Dr. Jianhuan Cen | AI for Science Awards | Best Researcher Award

Dr. Jianhuan Cen | AI for Science Awards | Best Researcher Award

Dr. Jianhuan Cen, Sun Yat-sen University, China

Dr. Jianhuan Cen holds a master’s degree in Computational Mathematics and a bachelor’s degree in Information and Computing Science from Sun Yat-sen University, where he has consistently excelled academically and earned multiple scholarships. His research has made significant strides in AI model benchmarking for molecular property prediction and crystal structure prediction using diffusion models, showcasing his ability to integrate deep learning with scientific computation. Dr. Cen’s work has implications for material science and molecular simulation. He is known for his collaborative spirit and leadership in various research projects and software development efforts, and his versatility is evident from his involvement in programming problem review and testing school OJ websites.

Professional Profile:

Scopus
Google Scholar

Educational Background:

Dr. Cen has a robust academic foundation, with a master’s degree in Computational Mathematics and a bachelor’s degree in Information and Computing Science from Sun Yat-sen University, a leading institution in China. He has excelled academically and received multiple scholarships for his achievements.

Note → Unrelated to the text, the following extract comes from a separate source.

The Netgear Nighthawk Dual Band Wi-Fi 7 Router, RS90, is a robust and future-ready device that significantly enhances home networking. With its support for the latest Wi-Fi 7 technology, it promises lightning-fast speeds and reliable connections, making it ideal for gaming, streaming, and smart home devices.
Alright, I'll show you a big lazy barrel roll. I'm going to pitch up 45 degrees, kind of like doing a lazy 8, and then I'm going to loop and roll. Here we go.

Technical Skills and Contributions:

He has extensive hands-on experience in distributed computing, high-performance computing, and algorithm implementation using C/C++, Python, and Matlab. Dr. Cen’s project experience includes:

Implementing Locality Sensitive Hashing (LSH) on distributed clusters using Hadoop and Spark.

Developing a Non-Volatile Memory (NVM) based linear hash index, showcasing expertise in advanced database systems and memory environments.

Research Impact:

Dr. Cen has contributed to various high-impact projects, including AI model benchmarking for molecular property prediction and crystal structure prediction using diffusion models. His interdisciplinary work bridges the gap between deep learning and scientific computation, which could have broad applications in areas like material science and molecular simulation.

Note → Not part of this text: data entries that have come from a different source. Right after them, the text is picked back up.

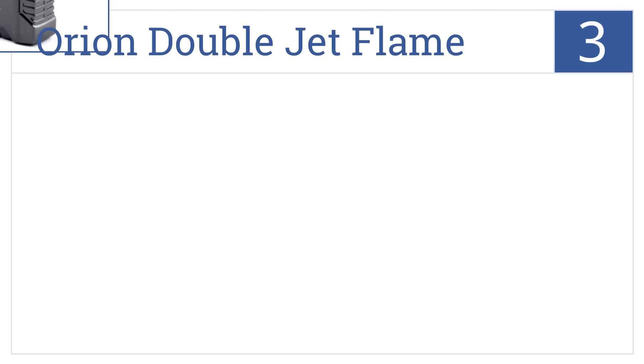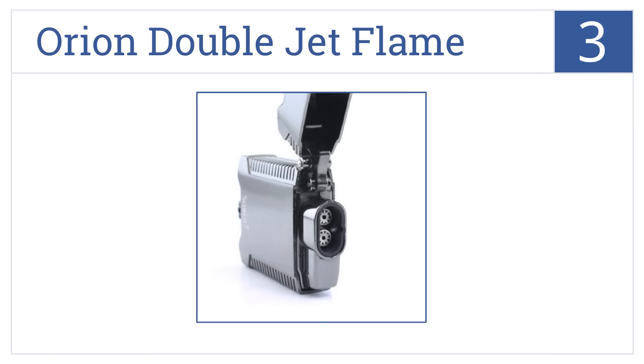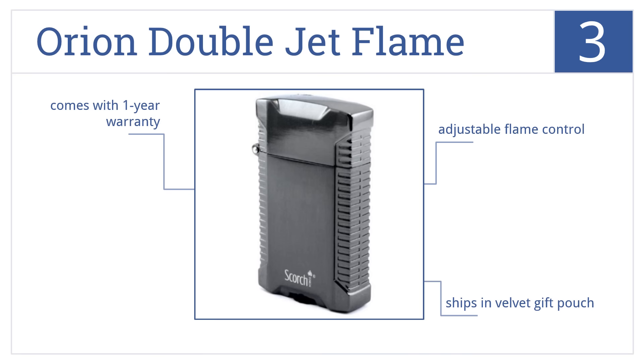Nearing the top of our list at number 3, this Scorch Torch Orion Double Jet Flame Flip Top Torch lighter is perfect for the cigar aficionado or for the camper trying to get a fire lit on a windy night. It ships in a velvet gift pouch with a one-year warranty and has an adjustable flame control.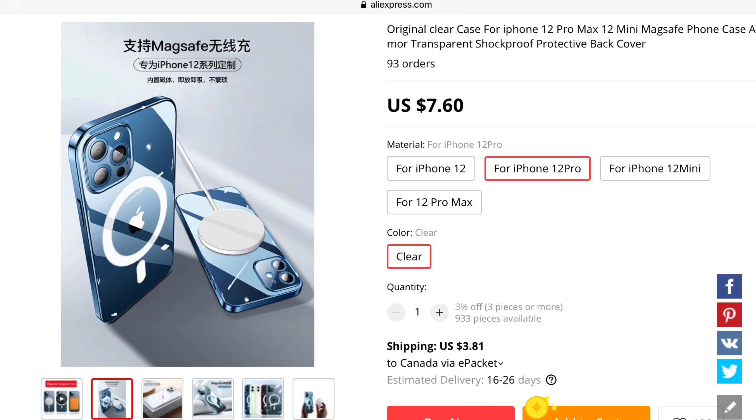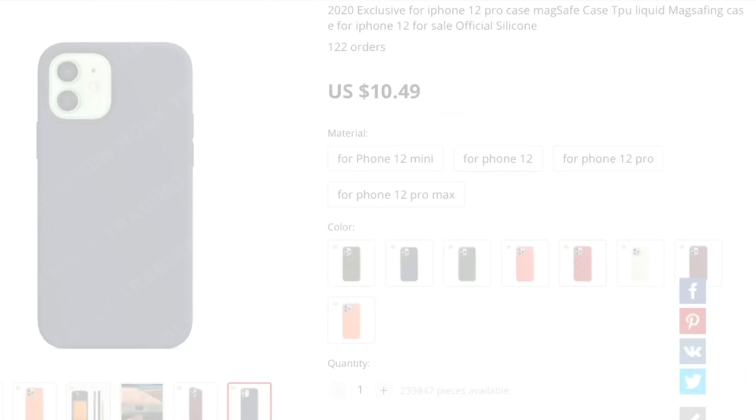The first case I found is the fake Apple MagSafe case in clear — that's right, clear hard plastic. I found it here for $7.60 US plus shipping, which is $3.81. So for about $12 US you can get the clear hard plastic MagSafe case — the fake version — from AliExpress.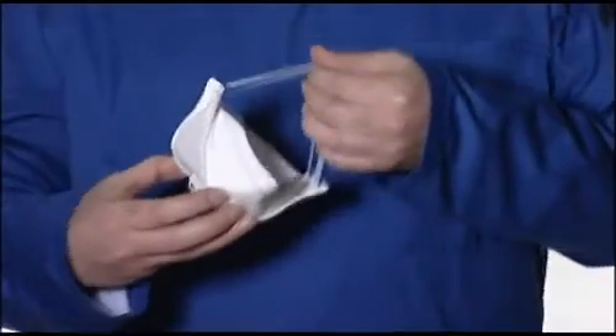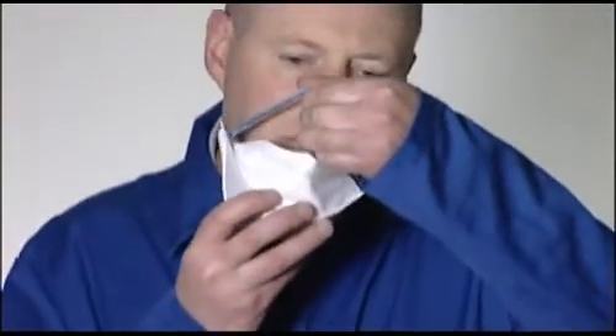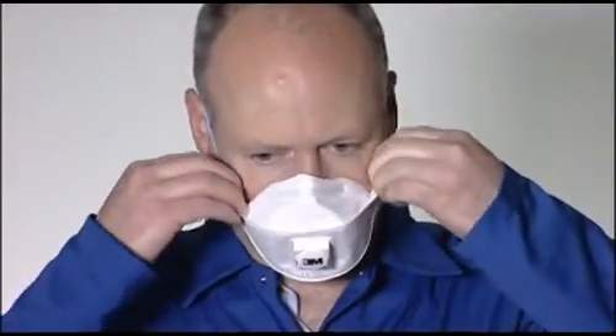3M Aura respirators should be changed if you feel breathing resistance increase, if they become damaged, at the end of the working shift, or as directed by your company's policy on respirator use.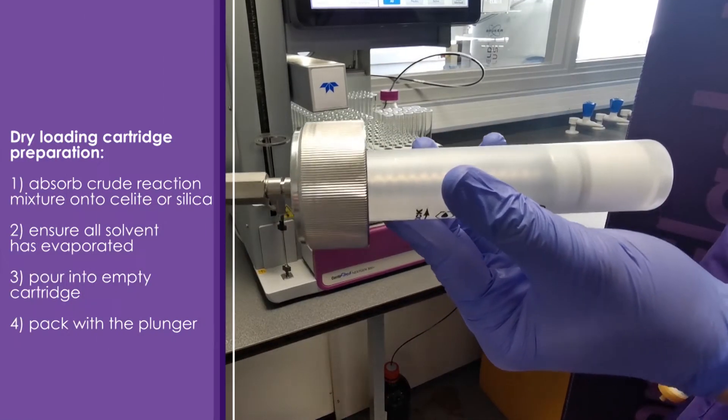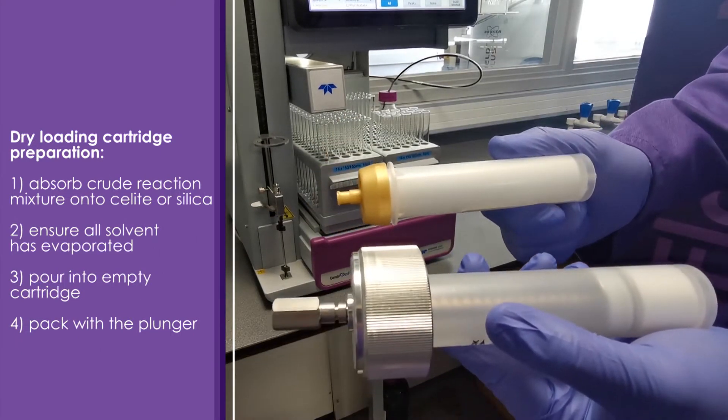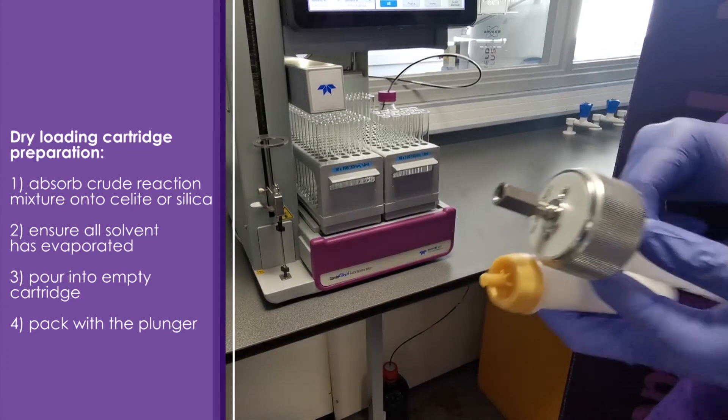Now that we've prepared our dry loading cartridge, all we need to do is load this with our column onto the machine and we're ready to run our purification. So let's give that a go.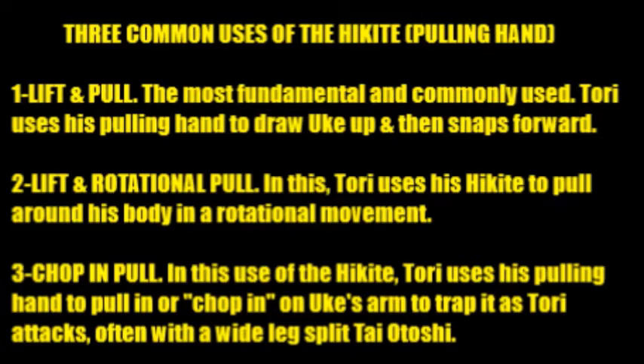The second is a lift and rotational pull. In this application of hikite, Tori uses his pulling hand to pull around his own body in a rotational movement, then snaps his opponent up and into the throw and over the body. The third is what I call a chop and pull. Tori uses his pulling hand to pull in, trap, or chop Uke's arm, trapping it close to Tori's body as Tori does the attack. Often this is done with a wide leg split style of Taiotoshi.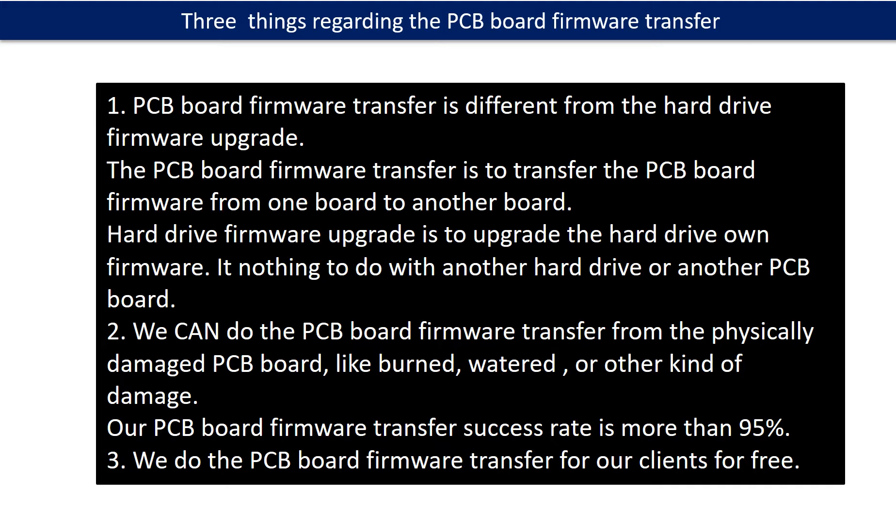Second, we can do the PCB board firmware transfer even from a physically damaged PCB board, like burned, watered, or other kinds of damage. Our PCB board firmware transfer success rate is more than 95%. Third, we do the PCB board firmware transfer for our clients for free.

Collaboration and Leadership:

He has been involved in multiple research projects and collaborative software development efforts, indicating strong teamwork and leadership capabilities. He has also reviewed programming problems and tested school OJ websites, demonstrating his versatility.

Research Excellence:

Dr. Cen’s research focuses on solving high-dimensional partial differential equations (PDEs) using deep learning methods. He has developed innovative approaches that combine cutting-edge deep learning techniques with finite volume methods to tackle these complex problems.

Research Publications

1.  “Adaptive Trajectories Sampling for Solving PDEs with Deep Learning Methods” (Applied Mathematics and Computation).

2.  “Deep Finite Volume Methods for Partial Differential Equations” (SSRN).

Conclusion:

Dr. Jianhuan Cen’s academic achievements, research contributions in deep learning and computational mathematics, and technical prowess make him an outstanding candidate for the Best Researcher Award. His work is not only theoretically rigorous but also practically applicable, showing promise for future advancements in both academic and industrial contexts.